每个 schema 在渲染时都从轨迹中推导出其步骤、回合或片段,并且每个都在 examples/agent-traces/ 下附带一个可运行的示例。
GUI/computer-use 轨迹(gui_trajectory)
逐步评估一个 computer-use、GUI 或 OS 智能体(OSWorld,NeurIPS 2024;ScreenSpot-Pro;AndroidWorld)。每一步展示智能体所看到的截图和它所采取的动作;标注者对动作做出裁定(正确/错误元素/错误动作/幻觉)。当某一步带有点击坐标时,截图上的一个定位标记会显示该点击是否落在了正确的元素上。
Review each computer-use step: action correctness plus click-grounding on the screenshot
annotation_schemes:
- annotation_type: gui_trajectory
name: gui_review
description: "For each step: was the action correct and did the click land right?"
steps_key: steps
screenshot_key: screenshot # field on each step holding an image URL / data-URI
action_key: action # field holding the action text
coord_space: normalized # normalized (0..1) | pixels — for the x/y grounding marker
verdict_options: [correct, wrong_element, wrong_action, hallucinated]每一步可提供 screenshot、action,以及可选的 x/y(或嵌套的 click: {x, y})。存储为一个 {index, step, verdict, notes} 列表。

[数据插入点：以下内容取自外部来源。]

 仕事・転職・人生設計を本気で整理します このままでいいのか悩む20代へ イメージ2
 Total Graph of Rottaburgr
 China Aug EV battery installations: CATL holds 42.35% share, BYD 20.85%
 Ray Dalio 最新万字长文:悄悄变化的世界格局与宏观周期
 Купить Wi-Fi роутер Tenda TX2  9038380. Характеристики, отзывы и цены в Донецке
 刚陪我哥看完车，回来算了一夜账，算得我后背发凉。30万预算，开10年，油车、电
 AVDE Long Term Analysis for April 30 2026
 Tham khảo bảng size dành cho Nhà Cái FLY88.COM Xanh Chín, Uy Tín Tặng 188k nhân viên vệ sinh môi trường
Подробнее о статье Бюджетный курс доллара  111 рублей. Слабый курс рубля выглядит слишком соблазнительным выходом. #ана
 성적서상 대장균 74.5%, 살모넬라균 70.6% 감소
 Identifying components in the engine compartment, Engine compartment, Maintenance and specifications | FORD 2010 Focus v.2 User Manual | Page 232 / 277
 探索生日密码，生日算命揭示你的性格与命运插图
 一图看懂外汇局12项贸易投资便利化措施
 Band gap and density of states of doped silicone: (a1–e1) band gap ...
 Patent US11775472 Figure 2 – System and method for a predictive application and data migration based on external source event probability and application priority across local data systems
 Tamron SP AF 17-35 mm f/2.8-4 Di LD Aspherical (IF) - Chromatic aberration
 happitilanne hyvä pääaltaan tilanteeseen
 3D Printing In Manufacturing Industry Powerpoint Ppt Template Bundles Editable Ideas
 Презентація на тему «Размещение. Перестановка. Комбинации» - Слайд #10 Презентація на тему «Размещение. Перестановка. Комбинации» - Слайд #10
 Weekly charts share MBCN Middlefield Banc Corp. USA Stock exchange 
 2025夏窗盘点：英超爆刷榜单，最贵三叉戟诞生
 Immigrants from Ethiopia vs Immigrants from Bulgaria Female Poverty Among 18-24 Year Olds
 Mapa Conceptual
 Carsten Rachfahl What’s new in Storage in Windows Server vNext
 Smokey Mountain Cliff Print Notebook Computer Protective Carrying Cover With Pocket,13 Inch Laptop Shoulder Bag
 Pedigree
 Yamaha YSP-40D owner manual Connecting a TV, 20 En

语音/全双工交互(voice_interaction)
对一段语音的人↔智能体对话标注其轮流发言和打断(barge-in)处理(Full-Duplex-Bench,2025)。一条双轨时间线(用户泳道加智能体泳道)按起止时间放置每个回合,并高亮重叠区域,即两位说话者同时说话之处。标注者对每个重叠进行分类(智能体应当回应/应当继续/附和/不确定)并对整体轮流发言进行评分;提供时,源音频会内联播放。
A dual-track voice timeline with barge-in detection and turn-taking scoring
annotation_schemes:
- annotation_type: voice_interaction
name: turn_taking
description: "Classify each barge-in/overlap and rate the overall turn-taking."
turns_key: turns # list of {speaker, start, end, text} (seconds)
speaker_key: speaker
user_speakers: [user, human, caller] # everything else is treated as the agent
overlap_labels: [agent_should_respond, agent_should_resume, backchannel, uncertain]
rating_scale: 5
# audio_key: audio # optional per-instance audio URL to enable the player不同说话者回合之间的重叠在渲染时计算得出。存储为 {"overlaps": {idx: label}, "rating": int}。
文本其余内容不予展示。